Let’s tackle the composition process first: it’s messy. People need to scaffold so many skills one on top of another that one false step can often make it feel like the whole scaffold is crumbling. The composition competencies have been defined by “experts” in education. They have been codified and parsed into the smallest minutiae. We in education know these are standards. Students, by the time they graduate high school should be able to “Write with a clear focus, coherent organization, sufficient elaboration, and detail” and, “Effectively use content-specific language, style, tone, and text structure to compose or adapt writing for different audiences and purposes.” All the while, applying “standard English conventions to effectively communicate with written language.”

Do you think that most high school graduates can do that? This alone begs another question: The subjectivity of the whole evaluation of composition. What constitutes clear focus, coherent organization, and sufficient elaboration? Who gets the final say in whether the use of content-specific language, style, tone, and text structure was effective? It’s enough to make the strongest of students doubt themselves.

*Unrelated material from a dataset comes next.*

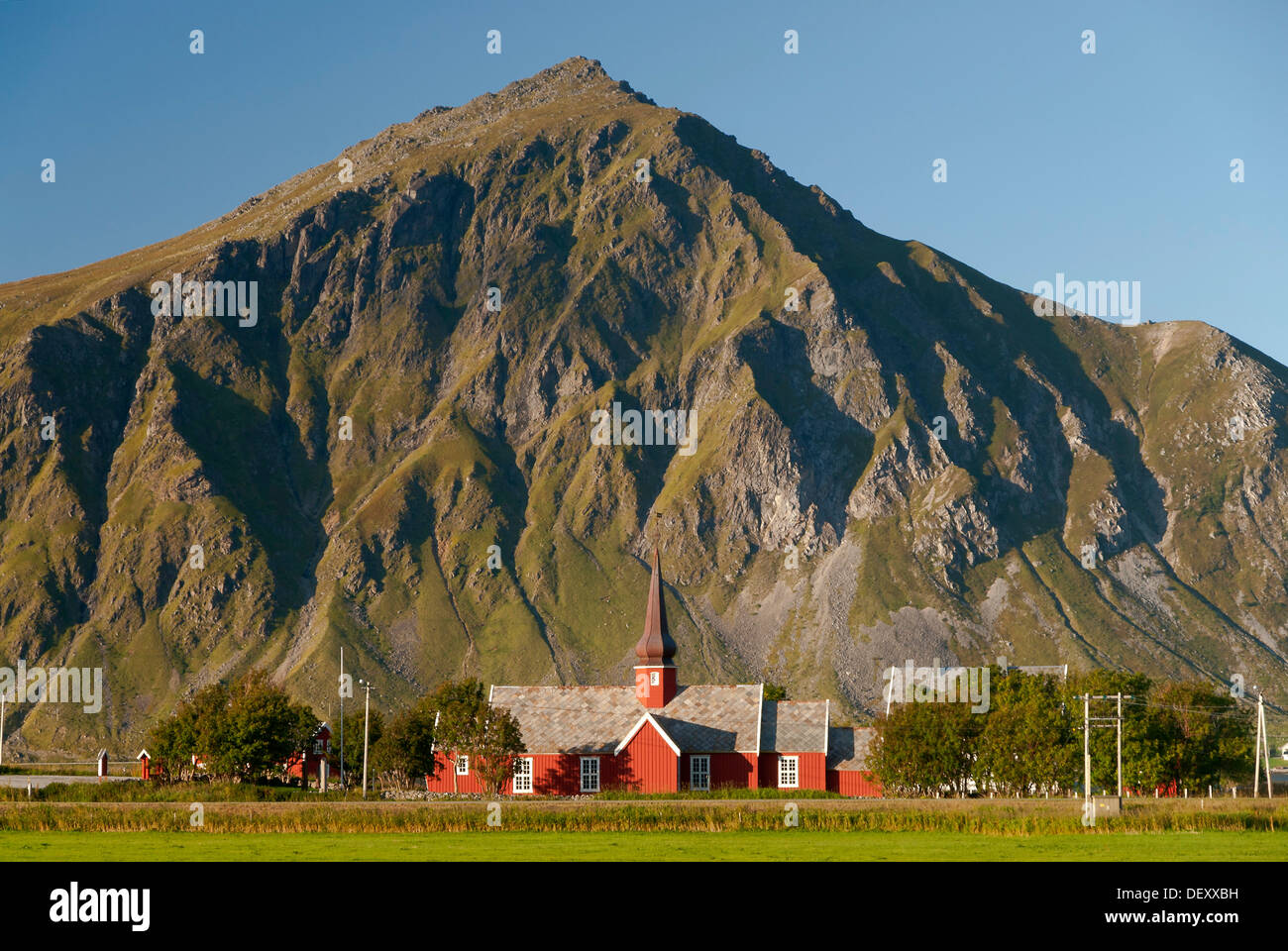 L'église de Flakstad rouge en face de montagnes abruptes, Vareid, Fredvang, île de Flakstadøya, Flakstadoya Banque D'Images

The other process that we want to consider here is social and emotional learning (SEL). These skills too have been codified by a body of experts at the Collaborative Association for Social and Emotional Learning (CASEL): intrapersonal skills, interpersonal skills, and responsible decision making. They too have been parsed into minutiae: having self-confidence and engaging in self-motivation lead to better intrapersonal skills; perspective taking and social engagement lead to better interpersonal skills; and being able to identify a problem and analyze a situation lead to responsible decision making skills.

Do you think that most high school graduates can do that? This alone begs another question: The subjectivity of the whole evaluation of social and emotional competencies. What constitutes real self-confidence? Who gets the final say in whether the use of problem identification and analysis of a situation was effective? It’s enough to make the strongest of students doubt themselves.

Now let’s see what could happen if we put these two in service of each other. Would the sum of the parts be greater than the whole?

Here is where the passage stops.